Six Steps for Reactivating Your B-to-B Names

Targeting inactive customers is the business-to-business mailer’s best opportunity for growth, according to Linda Pickering, a senior vice president of White Plains, NY-based list firm MeritDirect. “More times than not, mailers forget to reactivate inactive customers,” Pickering said at her company’s annual business mailers’ co-op and interactive marketing conference last week. “But reactivating names is a vital part of building your house files.”

At the conference, Pickering explained what you need to do—once you correct or reject unmailable records from your house file—to reactivate former buyers.

The first step is to use an out-of-business file with an overlay flag on inactive or suspect customer records. Using this should determine if those customers are with companies that are no longer in business or at companies that may have moved or changed names.

The second step involves use of co-op databases. Inactive records on your house file could be active on a co-op’s database, meaning you have a chance to win their business back.

Step three is to replace the original name on an inactive customer record with a slug title, such as “attn: marketing manager,” or “attn: buyer.”

Step four is to use an inactive site record and use a new buyer name from a rental list to reactivate the site. This, Pickering said, enhances the chance that your mailing will at least reach a person at the company you are trying to contact.

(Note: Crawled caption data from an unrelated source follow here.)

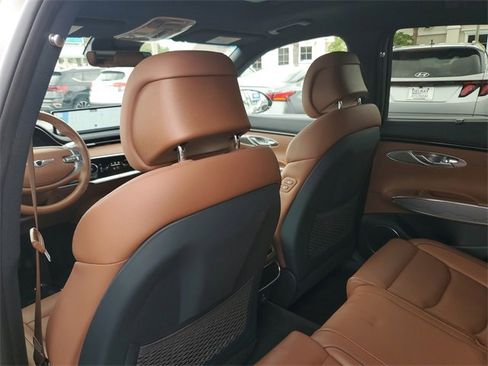 Used 2023 Genesis GV70 2.5T w/ Advanced Package image 25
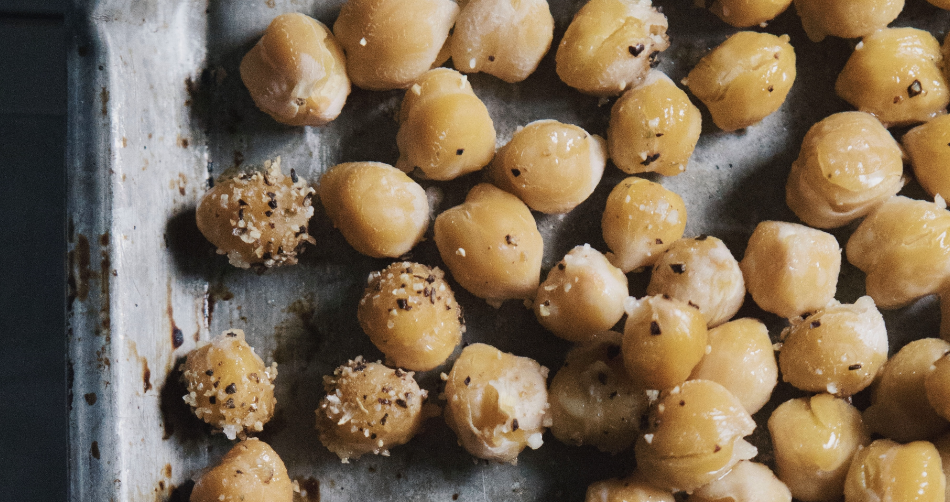 an example of a high-fiber day of eating while maintaining a high-protein diet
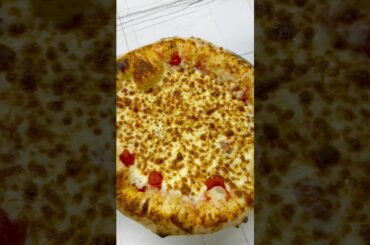 My first pizza with @OoniHQ VOLT2 in my home 🍕#pizza#chef#italy#usa#viral#check#cheese 🧀🧀#youtube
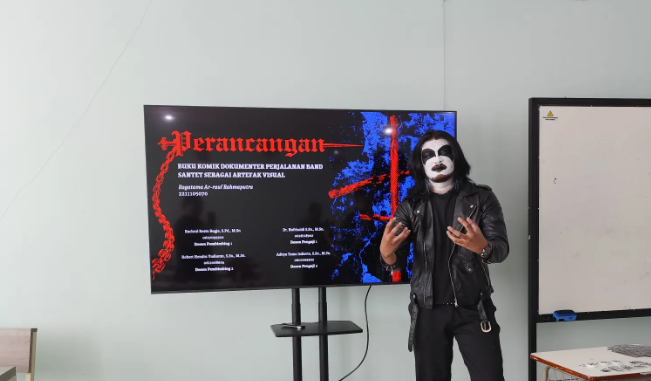 Cosplay Black Metal Viral! Mahasiswa DKV Telkom Purwokerto Sidang Skripsi Pakai Cosplay Black Metal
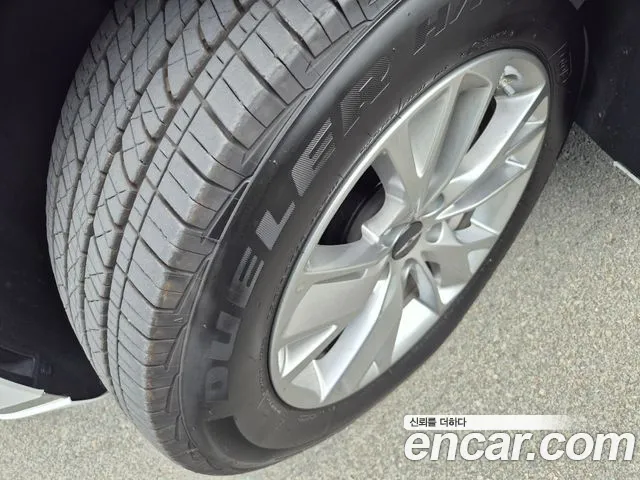 Genesis GV70 2.5T Бензин 2WD — Фото автомобиля 16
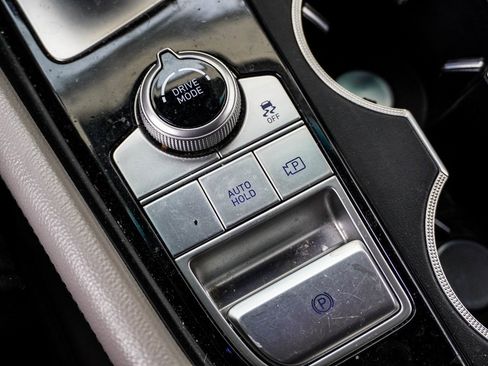 Used 2022 Genesis G70 2.0T image 33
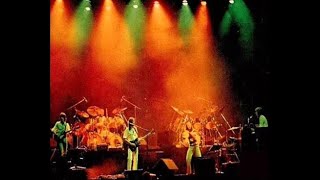 GENESIS - In that quiet earth / Afterglow (live in São Paulo 1977)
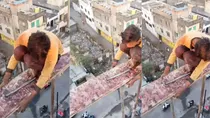 Twitter viral video of labourer working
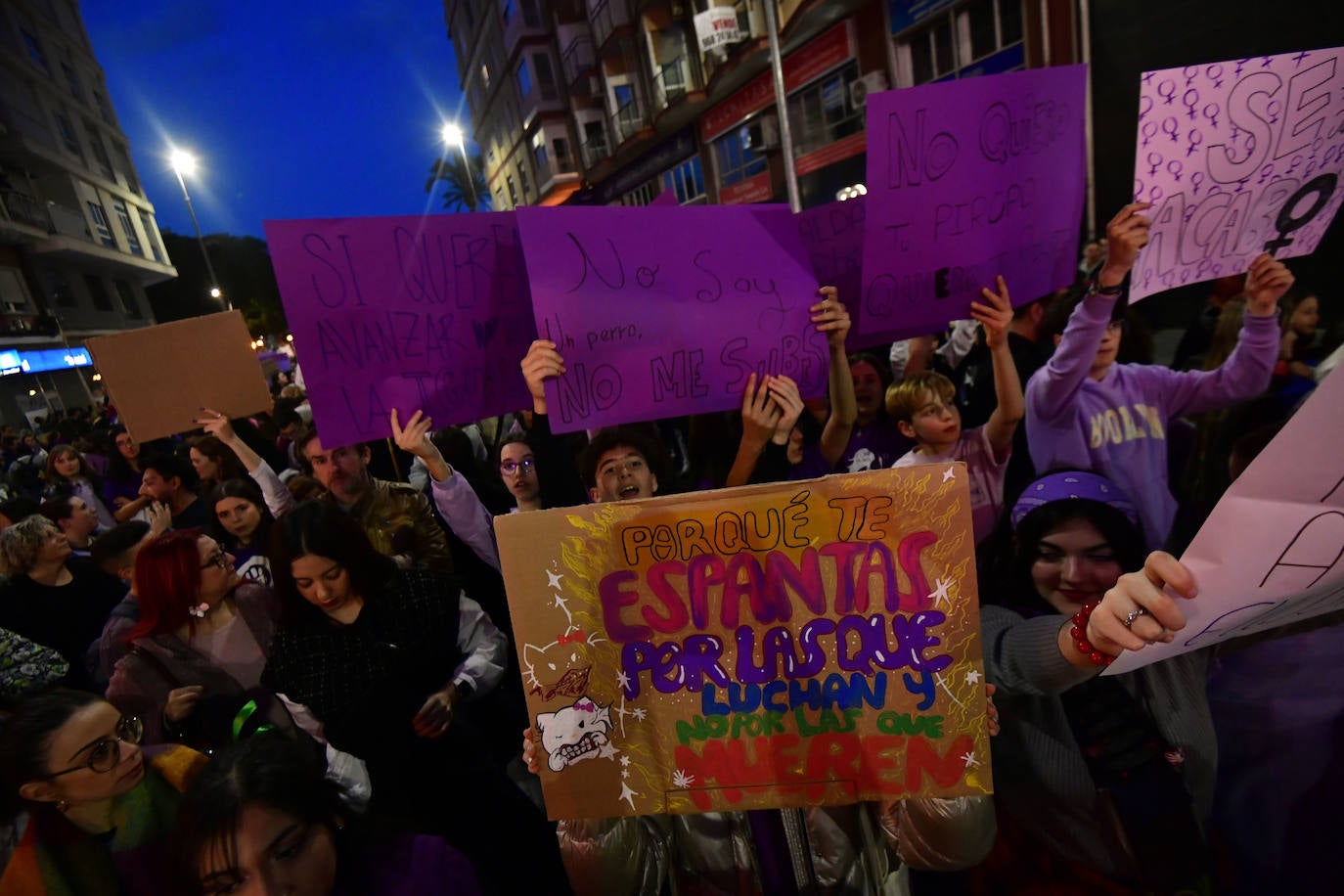 La manifestación del 8M en Murcia, en imágenes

The fifth step has to do with the timing of the reactivation. Use the first order date as a trigger and try to reactivate during that same time of year. It could be that the inactive customer is with a government agency or another institution that, based on its budget, does all its ordering during one specific time each year.

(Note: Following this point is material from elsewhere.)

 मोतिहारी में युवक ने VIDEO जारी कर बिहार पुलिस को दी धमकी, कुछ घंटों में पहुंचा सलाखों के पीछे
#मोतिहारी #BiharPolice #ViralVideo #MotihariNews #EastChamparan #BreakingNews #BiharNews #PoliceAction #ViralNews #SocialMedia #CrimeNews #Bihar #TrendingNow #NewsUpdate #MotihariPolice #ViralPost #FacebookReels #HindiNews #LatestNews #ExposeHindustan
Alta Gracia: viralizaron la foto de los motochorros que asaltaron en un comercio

The sixth step is to market to your most recent inactives with more aggressive and frequent mailings than you do to your 36-month or older inactives. The more recent inactives, Pickering said, should receive three times as many communications as the customers who have been out of touch for a longer time.

Once you win back your inactive customers, Pickering advised reinvesting the proceeds into additional marketing efforts. “Never be fearful about investing money to build a more powerful and flexible customer file,” she said. “It is the backbone of any marketing and your most powerful asset.”